En cambio, he encontrado más información sobre el alter ego del director en la escenografía y composición del espacio, pues tanto los objetos y muebles que vemos en la casa del protagonista como su disposición son significativos. El rojo de los armarios de la cocina connota una modernidad perfectamente compatible con los tonos más discretos y coloridos pero elegantes del gran salón.

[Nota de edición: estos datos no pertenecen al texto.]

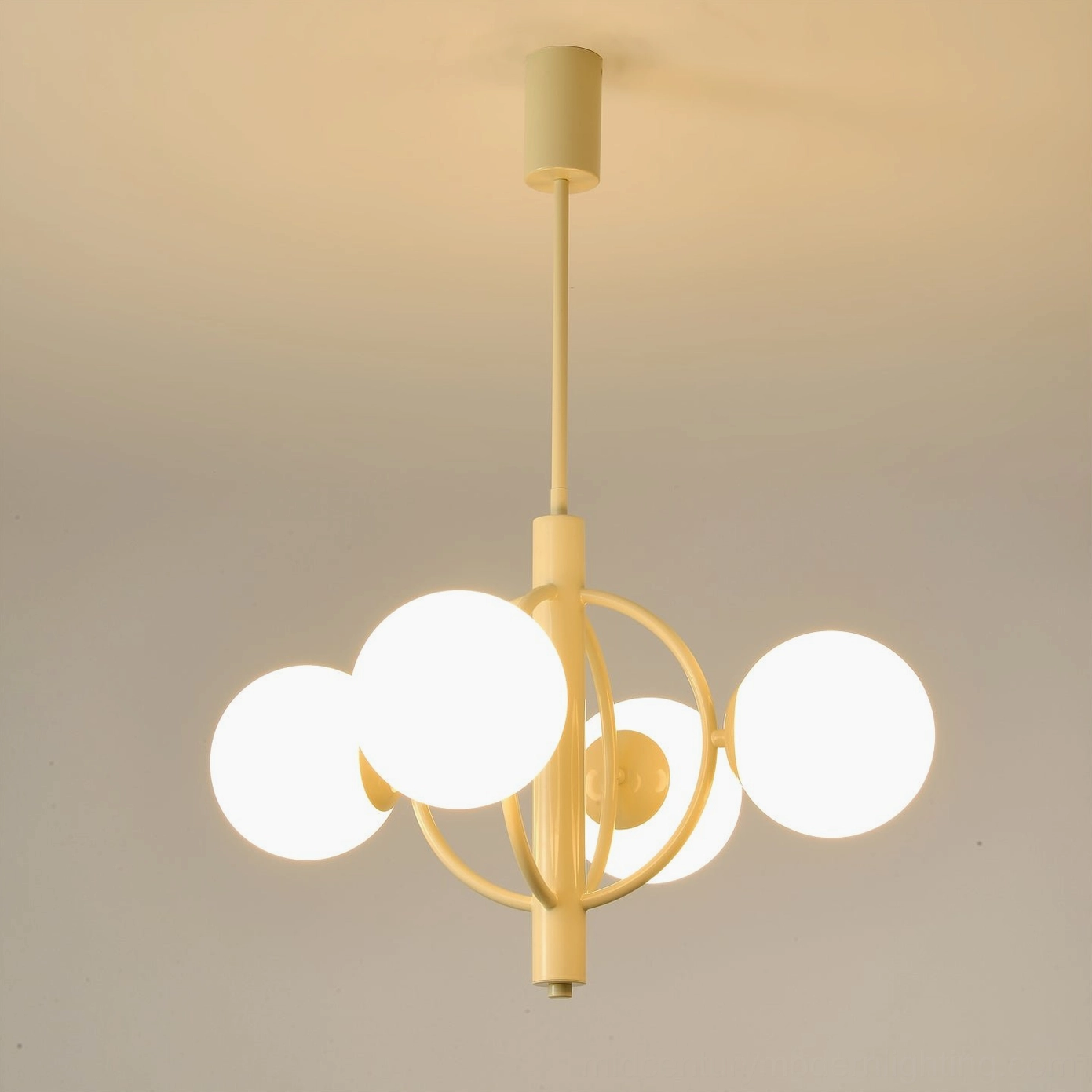 Kaiser 4-head mid-century chandelier installed, emitting warm ambient lighting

Pero es sobre todo en las obras de arte donde mejor se refleja la personalidad del realizador, el real y el ficticio, el original y la copia. Esculturas, cuadros y libros establecen vínculos con la forma de ser del protagonista, conforman su mejor retrato. Las líneas ascendentes de las formas tubulares de Miquel Navarro sugieren una geometría aérea donde los sueños puedan emerger de la realidad y volar hacia otras altitudes, explorar nuevos espacios. Las formas planas y rotundas de los rostros de Maruja Mayo crean el simbolismo naif, pero enérgico, de una inocencia consolidada, integrada, no perdida. El relativo abigarramiento de los cuadros de Guillermo P. Villalta, con sus curvas barrocas y entrelazadas, nos traslada el caos del ser humano, su conflictiva soledad. Las pinturas de Jorge Galindo podrían considerarse la mejor metáfora de la película: por un lado, sus formas no figurativas, donde lo visual y lo abstracto se alían para dotar de ambigüedad a sus mensajes; por otro, el uso de materiales variados como fotos y lanas, prioriza un arte que prima el collage y la instalación sobre otras formas más tradicionales de expresión.

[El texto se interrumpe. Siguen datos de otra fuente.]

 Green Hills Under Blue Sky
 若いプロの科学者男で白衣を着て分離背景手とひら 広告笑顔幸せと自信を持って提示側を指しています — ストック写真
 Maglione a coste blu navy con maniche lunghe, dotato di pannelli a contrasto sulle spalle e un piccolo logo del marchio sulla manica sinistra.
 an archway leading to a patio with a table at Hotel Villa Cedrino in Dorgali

Lo más relevante del director, su interior complejo y oscuro, ambiguo y caótico, contradictorio y enérgico, es, pues, proporcionado por estas obras de arte que ocupan paredes y rincones del espacio escénico. Nos hablan de quién es el hombre que lo habita, un hombre que vive en el desorden y busca salir de él explorando sus sueños.
Lo mismo podríamos decir de algunos libros que Salvador lee o simplemente acaricia u hojea. La novela de Torborg Nedreaas Nada crece a la luz de la luna suma la idea del amor como deseo en el ámbito nocturno de las trasgresiones; Cómo acabar con la contracultura, de Jordi Costa, el estudio del underground español, desde el hippie al youtuber. Y El libro de desasosiego, de Pessoa, es otra referencia de lo que define tanto al director como a su película: una combinación de fragmentos que no tienen por qué componer un argumento, un conjunto de sugerencias y divagaciones sobre un universo interior del que se ofrece una minúscula muestra, apenas un atisbo.
No se sabe qué hará Pedro Almodóvar con este camino recién emprendido. Quizá siga toda su vida dedicado a la imposible tarea de analizar y mostrar la sombra de quién es o quién ha sido. Quizá no vuelva a frecuentar estos áridos territorios. Pero en cualquier caso, su última película, Dolor y gloria, es a veces poema visual y a ratos relato prosaico.